Sysco (NYSE:SYY) is the global leader in selling, marketing and distributing food products to restaurants, healthcare and educational facilities, lodging establishments and other customers who prepare meals away from home. Its family of products also includes equipment and supplies for the foodservice and hospitality industries. With more than 57,000 associates, the company operates approximately 326 distribution facilities worldwide and serves more than 625,000 customer locations. For fiscal 2020 that ended June 27, 2020, the company generated sales of more than $52 billion.
Sysco LABS supports Sysco’s digital transformation with engineering teams in Colombo, Sri Lanka, and Austin and Houston, Texas, in the USA. Operating with the agility and efficiency of a tech–startup and backed by the domain expertise of the industry leader, Sysco LABS’ mission is to support the innovation of Sysco’s business across the entire foodservice journey.
We are currently on the lookout for a Data Engineering Lead / Senior Data Engineer / Data Engineer
- Drive the digital transformation of a global company with specific focus on large scale data streaming and optimal mixing of traditional and modern technologies within this realm.

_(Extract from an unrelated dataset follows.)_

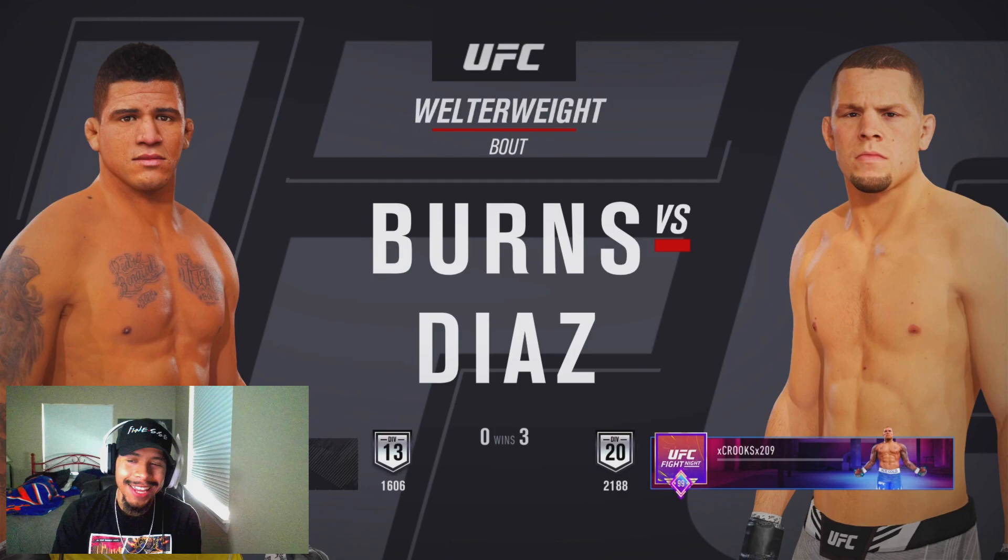What's poppin' guys? It's your boy Crooks the Grey back at you guys with another banger of a UFC 4 video, and today we're gonna be using Nate Diaz in the welterweight division.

- Provide inspirational leadership to a team towards building the foundational data layer.
- Mentor less experienced developers on engineering best practices and leveraging cloud technologies to handle big data.
- 3+ years of demonstrated work experience with streaming technologies such as Kinesis and Kafka (Confluent/Apache), and experience with KSQL, cluster management and data streaming solution architectures.
- Design and implementation experience of streaming solutions over legacy platforms (AS400, Oracle) and SAAS providers such as SFDC and Workday.
- Experience working with large analytical/relational/No-SQL datasets (~50 TB) on top of services and technologies such as Redshift, DynamoDB, MongoDB and Postgres to help design scalable ETL processes (batch/streaming) with complex data transformations, error handling and monitoring.
- Experience working within container environments in AWS ECS and EKS.
- Experience writing well-tested code (unit, integration, functional, automation), proper deployment practices (CI/CD – Jenkins etc.) and working in an environment with robust coding standards and strict code/design review processes.